Wednesday, February 17, 2016

Next Supreme Court Justice Will Be Crucial to Climate Change

A coal-fired power plant on Lake Michigan in northern Indiana. Electric power generation is the United States’ largest emitter of greenhouse gases. (Credit: Luke Sharrett/Bloomberg) Click to Enlarge.
Even as the American delegation in Paris offered to cut emissions to 26 to 28 percent below their 2005 levels by 2025, the Energy Information Administration of the Department of Energy was offering a different outlook.

Its reference case, based on federal policies on the books at the end of 2014, forecast that emissions of carbon dioxide from energy use (the United States’ main source of greenhouse gases) would not decline but remain flat through 2025 and beyond.

Methane emissions, which account for under 10 percent of greenhouse gases spewed into the atmosphere but trap much more heat than CO2, could increase 6 percent over the next 10 years, according to the Environmental Protection Agency.  Emissions of highly potent hydrofluorocarbons could increase by half.

What’s more, the carbon storage of American forests, which offset as much as 13 percent of the nation’s total greenhouse gas emissions in 2013, could start declining as early as 2020.
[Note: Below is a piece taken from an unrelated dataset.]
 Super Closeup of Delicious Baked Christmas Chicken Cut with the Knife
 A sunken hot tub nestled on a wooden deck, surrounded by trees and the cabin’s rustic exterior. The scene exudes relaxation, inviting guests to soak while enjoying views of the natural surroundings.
These, of course, are not forecasts but projections.  Emissions could fall faster because of new regulation, technological breakthroughs, changes in land use and the like.  Some of the nation’s most critical policies to combat climate change were passed only last year.  A case in point is the Clean Power Plan, the crown jewel of the lot, which would require states to come up with plans to reduce the CO2 emissions from their electric power plants.

Still, the Supreme Court’s decision last week to delay the plan — until the United States Court of Appeals in Washington decides on the merits of a challenge by 27 mostly Republican-governed states — underscores just how politically vulnerable the United States’ promises truly are.